Our study showed some similarities between parents and their children—at the group level—in their patterns of gesture production, as well as some marked differences. The question still remains, however, whether parents play a causal role in teaching their children what types of gestures or gesture-speech combinations to produce. There is some observational evidence that young children who live in linguistic communities that show richer use of iconic gestures, such as Italy (Iverson et al. 2008) or Turkey (Furman et al. 2014), go on to produce iconic gestures at an earlier age and at greater frequencies compared to children who live in cultures that do not show such abundant use of iconic gestures (e.g., North America, Özçalışkan et al. 2014). Future experimental studies that systematically vary the amount and type of gestural input children receive from an adult might shed further light on the link between input and child gesture in children with different developmental profiles.

Our study also relied on a relatively modest sample size (n = 23/group)—a size further affected by the fewer number of children producing deictic gestures within the ASD group and supplementary gesture-speech combinations within the DS group. Future larger-scale studies examining diagnosis-specific variability in the types of gestures and gesture-speech combinations children produce can further confirm the robustness of the nonverbal communicative strategies young children with ASD and with DS in our study employed.

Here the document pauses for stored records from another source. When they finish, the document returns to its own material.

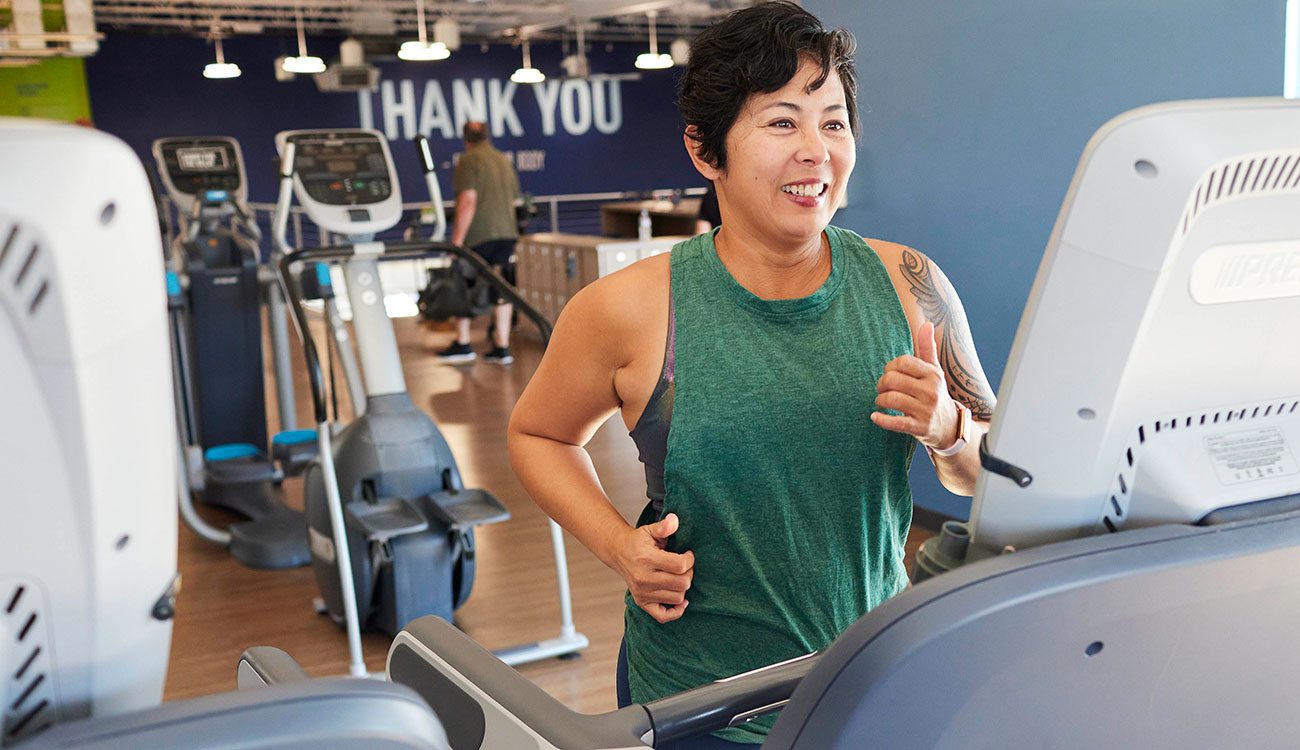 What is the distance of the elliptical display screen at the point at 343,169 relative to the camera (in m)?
3.83

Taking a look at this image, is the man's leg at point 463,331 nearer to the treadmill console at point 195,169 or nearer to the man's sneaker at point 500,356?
the man's sneaker at point 500,356

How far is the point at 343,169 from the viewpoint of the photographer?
3906 millimetres

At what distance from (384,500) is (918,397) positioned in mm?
2640

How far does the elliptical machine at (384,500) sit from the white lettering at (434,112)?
46.2 ft

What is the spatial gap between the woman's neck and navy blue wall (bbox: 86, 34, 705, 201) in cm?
1586

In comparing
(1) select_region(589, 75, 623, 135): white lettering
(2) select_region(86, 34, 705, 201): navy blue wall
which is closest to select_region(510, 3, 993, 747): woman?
(2) select_region(86, 34, 705, 201): navy blue wall

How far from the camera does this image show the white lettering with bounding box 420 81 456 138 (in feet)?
56.5

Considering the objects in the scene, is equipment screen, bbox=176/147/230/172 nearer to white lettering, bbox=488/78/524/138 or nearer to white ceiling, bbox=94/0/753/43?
white ceiling, bbox=94/0/753/43

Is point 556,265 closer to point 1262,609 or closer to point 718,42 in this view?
point 718,42

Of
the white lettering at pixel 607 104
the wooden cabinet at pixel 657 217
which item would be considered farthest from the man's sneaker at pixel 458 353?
the white lettering at pixel 607 104

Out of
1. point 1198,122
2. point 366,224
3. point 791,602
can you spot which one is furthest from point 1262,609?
point 366,224

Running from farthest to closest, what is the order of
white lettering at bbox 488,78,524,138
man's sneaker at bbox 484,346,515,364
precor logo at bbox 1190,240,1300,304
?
1. white lettering at bbox 488,78,524,138
2. man's sneaker at bbox 484,346,515,364
3. precor logo at bbox 1190,240,1300,304

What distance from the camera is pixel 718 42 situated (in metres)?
1.29

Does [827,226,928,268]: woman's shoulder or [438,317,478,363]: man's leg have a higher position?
[827,226,928,268]: woman's shoulder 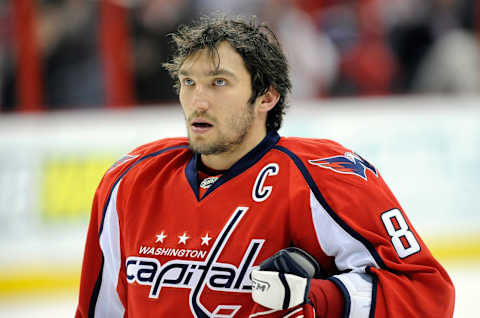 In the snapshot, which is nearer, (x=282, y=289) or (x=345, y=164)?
(x=282, y=289)

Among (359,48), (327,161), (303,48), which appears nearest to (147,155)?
(327,161)

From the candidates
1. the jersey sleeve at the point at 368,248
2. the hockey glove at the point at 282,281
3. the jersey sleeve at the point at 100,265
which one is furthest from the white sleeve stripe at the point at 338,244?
the jersey sleeve at the point at 100,265

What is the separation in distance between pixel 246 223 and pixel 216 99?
0.32 meters

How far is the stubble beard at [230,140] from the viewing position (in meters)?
1.81

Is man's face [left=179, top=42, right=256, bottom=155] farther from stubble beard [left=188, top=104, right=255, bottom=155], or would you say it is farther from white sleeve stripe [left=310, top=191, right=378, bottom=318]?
white sleeve stripe [left=310, top=191, right=378, bottom=318]

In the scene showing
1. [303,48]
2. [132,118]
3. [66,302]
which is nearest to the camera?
[66,302]

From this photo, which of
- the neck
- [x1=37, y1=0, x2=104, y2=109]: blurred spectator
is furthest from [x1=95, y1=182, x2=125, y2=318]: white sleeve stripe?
[x1=37, y1=0, x2=104, y2=109]: blurred spectator

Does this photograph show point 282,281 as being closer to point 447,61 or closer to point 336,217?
point 336,217

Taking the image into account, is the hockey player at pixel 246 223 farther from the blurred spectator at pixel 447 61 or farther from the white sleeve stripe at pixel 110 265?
the blurred spectator at pixel 447 61

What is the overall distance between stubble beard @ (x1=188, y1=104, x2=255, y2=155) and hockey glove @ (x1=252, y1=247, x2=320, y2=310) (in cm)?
35

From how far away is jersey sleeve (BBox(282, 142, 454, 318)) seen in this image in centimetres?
165

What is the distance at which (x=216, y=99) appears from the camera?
179 centimetres

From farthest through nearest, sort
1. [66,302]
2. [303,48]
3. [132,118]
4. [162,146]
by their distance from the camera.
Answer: [303,48] → [132,118] → [66,302] → [162,146]

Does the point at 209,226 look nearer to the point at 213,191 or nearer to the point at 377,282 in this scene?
the point at 213,191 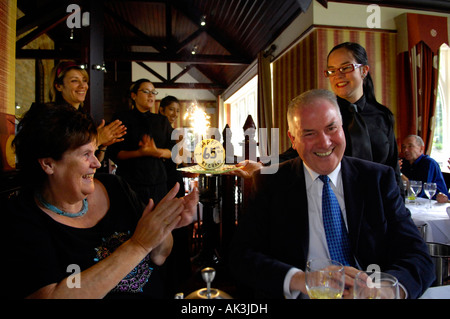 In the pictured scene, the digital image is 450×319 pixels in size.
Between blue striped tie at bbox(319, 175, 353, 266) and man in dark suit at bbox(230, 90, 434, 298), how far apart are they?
0.02 m

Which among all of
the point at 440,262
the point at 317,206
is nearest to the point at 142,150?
the point at 317,206

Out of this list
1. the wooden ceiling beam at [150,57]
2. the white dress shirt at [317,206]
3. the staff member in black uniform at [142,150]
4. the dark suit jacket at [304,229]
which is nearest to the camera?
the dark suit jacket at [304,229]

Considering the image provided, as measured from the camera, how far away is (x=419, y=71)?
4.48 meters

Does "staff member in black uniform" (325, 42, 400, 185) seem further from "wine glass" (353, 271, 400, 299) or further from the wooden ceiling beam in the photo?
the wooden ceiling beam

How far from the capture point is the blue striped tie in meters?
1.27

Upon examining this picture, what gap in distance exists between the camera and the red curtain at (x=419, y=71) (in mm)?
4328

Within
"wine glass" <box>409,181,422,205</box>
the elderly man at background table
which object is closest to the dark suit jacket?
"wine glass" <box>409,181,422,205</box>

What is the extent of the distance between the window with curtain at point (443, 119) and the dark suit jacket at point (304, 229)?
189 inches

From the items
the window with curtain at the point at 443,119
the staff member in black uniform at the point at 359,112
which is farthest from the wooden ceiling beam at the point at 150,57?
the staff member in black uniform at the point at 359,112

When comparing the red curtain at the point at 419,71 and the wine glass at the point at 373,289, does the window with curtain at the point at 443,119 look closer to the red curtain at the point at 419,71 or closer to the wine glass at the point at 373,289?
the red curtain at the point at 419,71

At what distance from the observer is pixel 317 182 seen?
54.7 inches

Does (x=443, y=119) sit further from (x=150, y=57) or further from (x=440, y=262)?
(x=150, y=57)

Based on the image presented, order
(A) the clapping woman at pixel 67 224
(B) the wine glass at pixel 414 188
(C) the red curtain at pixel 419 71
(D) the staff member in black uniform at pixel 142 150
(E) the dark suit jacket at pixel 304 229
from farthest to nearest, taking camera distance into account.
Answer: (C) the red curtain at pixel 419 71 < (B) the wine glass at pixel 414 188 < (D) the staff member in black uniform at pixel 142 150 < (E) the dark suit jacket at pixel 304 229 < (A) the clapping woman at pixel 67 224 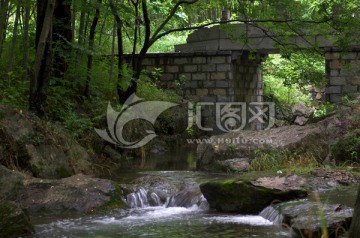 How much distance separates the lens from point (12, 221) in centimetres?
579

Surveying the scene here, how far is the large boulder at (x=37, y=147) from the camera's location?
852 cm

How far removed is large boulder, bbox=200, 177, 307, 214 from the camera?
6.99m

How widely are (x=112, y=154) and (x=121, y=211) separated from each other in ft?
13.4

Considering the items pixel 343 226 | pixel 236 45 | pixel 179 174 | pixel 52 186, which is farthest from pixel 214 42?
pixel 343 226

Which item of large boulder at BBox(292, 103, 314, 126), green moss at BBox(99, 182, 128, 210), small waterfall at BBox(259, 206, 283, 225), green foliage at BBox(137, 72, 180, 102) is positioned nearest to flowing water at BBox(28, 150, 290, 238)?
small waterfall at BBox(259, 206, 283, 225)

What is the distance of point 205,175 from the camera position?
9.88 meters

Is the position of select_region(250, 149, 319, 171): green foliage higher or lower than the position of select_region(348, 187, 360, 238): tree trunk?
lower

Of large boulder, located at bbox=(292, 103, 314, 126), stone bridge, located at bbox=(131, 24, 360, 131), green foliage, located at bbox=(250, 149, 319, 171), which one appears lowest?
green foliage, located at bbox=(250, 149, 319, 171)

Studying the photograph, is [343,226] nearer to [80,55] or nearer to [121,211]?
[121,211]

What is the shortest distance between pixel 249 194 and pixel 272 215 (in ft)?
1.90

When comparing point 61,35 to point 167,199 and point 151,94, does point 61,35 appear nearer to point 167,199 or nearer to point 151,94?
point 151,94

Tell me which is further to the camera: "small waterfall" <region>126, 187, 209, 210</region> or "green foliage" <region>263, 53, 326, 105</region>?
"green foliage" <region>263, 53, 326, 105</region>

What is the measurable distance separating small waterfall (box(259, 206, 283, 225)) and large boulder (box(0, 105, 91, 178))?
3.64m

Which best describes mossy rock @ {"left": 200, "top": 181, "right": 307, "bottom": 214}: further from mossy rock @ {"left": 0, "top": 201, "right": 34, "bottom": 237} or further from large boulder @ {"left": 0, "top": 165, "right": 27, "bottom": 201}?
mossy rock @ {"left": 0, "top": 201, "right": 34, "bottom": 237} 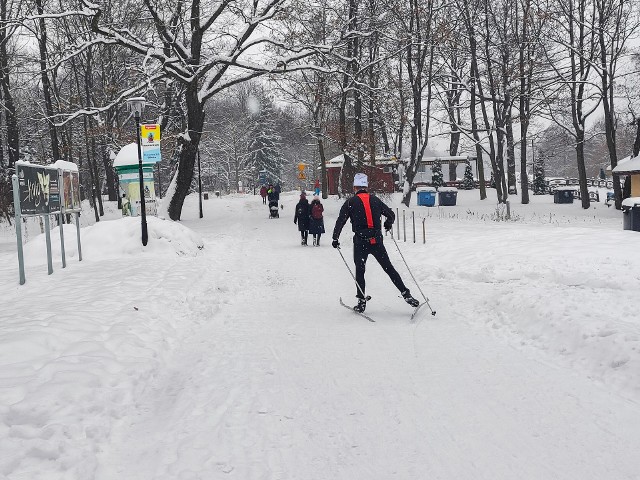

In summary, our study showed that children with developmental disorders resemble TD children in the types of gestures and gesture-speech combinations that they produce, but also differ from them in how often they produced of each type. Parents of children with developmental disorders also resemble their children in the types of gestures and gesture-speech combinations that they produce, but, in contrast to their children, they do not differ from parents of TD children in their amount of production of each type of gestural communication—a finding that further extends earlier work that showed no group difference in parental verbal input addressed to children (e.g., Mundy et al. 1988; Talbott et al. 2015). Even if parents were providing similar gestural input, the child’s uptake of this input might have been different in the three groups (as argued for speech input; Arunachalam and Luyster 2015), particularly in the way children garnered and incorporated this information into their existing understanding of referents and semantic relations, as reflected in the group differences observed in children’s gestures and gesture-speech combinations. At the same time, however, the largely intact gesture-speech system in children with developmental disorders suggests that gesture might be serving a similar role in early language development for these children by providing a scaffold for emerging spoken language abilities in learning new words and sentences—a scaffold that might be further aided by the parents’ modeling of different gesture types and gesture-speech combinations.